El presidente Juan Manuel Santos, presionado por un país que hoy no duerme tranquilo debido a las acciones vandálicas de una guerrilla incoherente, amenazó con la ruptura de los diálogos de La Habana si se persiste en la escalada terrorista, decisión que de inmediato tuvo eco entre los parlamentarios de la Unidad Nacional, la Procuraduría y otros sectores de la vida nacional.
Lo evidente es que las Farc está minando la confianza de un Gobierno que ha sido generoso y amplio, que incluso se ha enfrentado a la oposición, asumiendo un enorme costo político, en aras de sacar adelante una negociación que como todos sabemos es complicada.
No está bien que mientras en La Habana se habla de equidad y desarrollo social, en Colombia se estén lanzando granadas contra pequeños establecimientos comerciales, cuyos propietarios se resisten a cancelar la cuota extorsiva.
No es posible que además la guerrilla esté intentando desconocer a las víctimas de un conflicto que ha dejado millones de huérfanos, viudas, mutilados y mucha sangre derramada.
El representante a la Cámara por el Huila, Jaime Felipe Lozada, pidió no seguir avanzando en la negociación hasta que las Farc reconozcan públicamente a las víctimas, mientras que otros parlamentarios le piden al presiente Santos no seguir negociando con los tiempos lentos de las Farc, sino con el afán de todo un país.
En nuestro editorial de ayer insistimos en que una opción es la firma de un cese de hostilidades como requisito para seguir avanzando, algo que el Gobierno debe analizar, pues lo que hoy está claro es que la dinámica no puede ser la misma y que si la guerrilla persiste en la extorsión y los actos vandálicos como mecanismo de presión, el proceso se va a desvanecer hasta colmar la paciencia de un mandatario y la voluntad de todo un país.

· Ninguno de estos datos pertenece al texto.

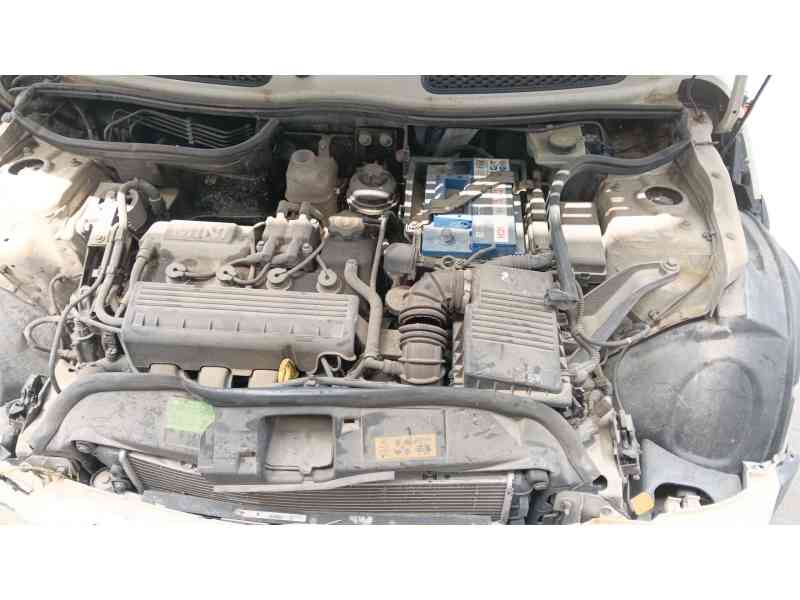 Recambio de despiece motor para mini mini (r50, r53) one referencia OEM IAM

La Iglesia y algunas instancias internacionales ya le han pedido al Gobierno paciencia, esa que ha demostrado tener el presidente Santos y que como todos sabemos tiene un límite.
Ahora nace la oportunidad que el país entero, en desarrollo de una movilización pacífica, le exija a las Farc coherencia, sensatez y sobre todo pensar en patria antes que en los intereses particulares.
Los colombianos anhelamos la paz, pero también entendemos que el Gobierno no puede aceptar una negociación en medio de unos actos vandálicos.